Well-posedness of Bayesian data assimilation and inverse problems

On well-posedness of Bayesian data assimilation and inverse problems in Hilbert space

Abstract.

Bayesian inverse problem on an infinite dimensional separable Hilbert space with the whole state observed is well posed when the prior state distribution is a Gaussian probability measure and the data error covariance is a cylindrical Gaussian measure whose covariance has positive lower bound. If the state distribution and the data distribution are equivalent Gaussian probability measures, then the Bayesian posterior measure is not well defined. If the state covariance and the data error covariance commute, then the Bayesian posterior measure is well defined for all data vectors if and only if the data error covariance has positive lower bound, and the set of data vectors for which the Bayesian posterior measure is not well defined is dense if the data error covariance does not have positive lower bound.
Keywords: White noise, Bayesian inverse problems, cylindrical measures
AMS Subject Classification: 65J22, 62C10, 60B11

Supported partially by the Czech Science Foundation grant 13-34856S and NSF grant 1216481

1. Introduction

Data assimilation and the solution of inverse problems on infinite dimensional spaces are of interest as a limit case of discrete problems of an increasing resolution and thus increasing dimension. Computer implementation is by necessity finite dimensional, yet studying a discretized problem (such as a finite difference or finite element discretization) as an approximation of an infinite-dimensional one (such as a partial differential equation) is a basic principle of numerical mathematics. This principle has recently found use in Bayesian inverse problems as well, for much the same reason; important insights in high-dimensional probability are obtained by considering it in the light of infinite dimension. See [19, 20] for an introduction and an extensive discussion.
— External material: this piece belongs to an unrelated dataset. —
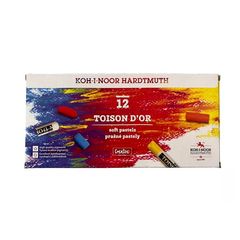 KOH-I-NOOR Umjetničke pastele / 12 kom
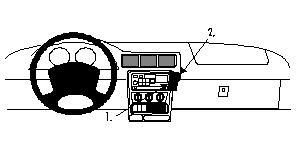 BRODIT - 852466 - ProClip ProClip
Bayesian data assimilation and inverse problems are closely linked; the prior distribution acts as a regularization and the maximum aposteriori probability (MAP) delivers a single solution to the inverse problem. In the Gaussian case, the prior becomes a type of Tikhonov regularization and the MAP estimate is essentially a regularized least squares solution. Since there is no Lebesque measure in an infinite dimension, the standard probability density does not exist, and the MAP estimate needs to be understood in a generalized sense [5, 7].

However, unlike in a finite dimension, even the simplest problems are often ill-posed when the data is infinite dimensional. It is often assumed that the data likelihood is such that the problem is well posed, or, more specifically, that the data space is finite dimensional, e.g., [5, 7, 9, 10, 12, 19, 20]. Well-posedness of the infinite dimensional problem affects the performance of stochastic filtering algorithms for finite dimensional approximations; it was observed computationally [3, Sec. 4.1] that the performance of the ensemble Kalman filter and the particle filter does not deteriorate with increasing dimension when the state distribution approaches a Gaussian probability measure, but the curse of dimensionality sets in when the state distribution approaches white noise. A related theoretical analysis was recently developed in [1].

It was noted in [16] that Bayesian filtering is well defined only for some values of observations when the data space is infinite dimensional. In [1], necessary and sufficient conditions were given in the Gaussian case for the Bayesian inverse problem to be well posed for all data vectors a.s. with respect to the data distribution, which was understood as a Gaussian measure on a larger space than the given data space. However, in the typical case studied here, such random data vector is a.s. not in the given data space, so the conditions in [1] are not informative in our setting. See Remark 9 for more details.

In this paper, we study perhaps the simplest case of a Bayesian inverse problem on an infinite dimensional separable Hilbert space: the whole state is observed, the observation operator (the forward operator in inverse problems nomenclature) is identity, and both the state distribution and the data error distribution (which enters in the data likelihood) are Gaussian. The state distribution is (a standard, -additive) Gaussian measure, but the data error distribution is allowed to be only a weak Gaussian measure [2], that is, only a finitely additive cylindrical measure [18]. This way, we may give up the -additivity of the data error distribution, but the data vectors are in the given data space. Weak Gaussian measure is -additive if and only if its covariance is has finite trace. White noise, with covariance bounded away from zero on infinite dimensional space, is an example of a weak Gaussian measure, which is not -additive.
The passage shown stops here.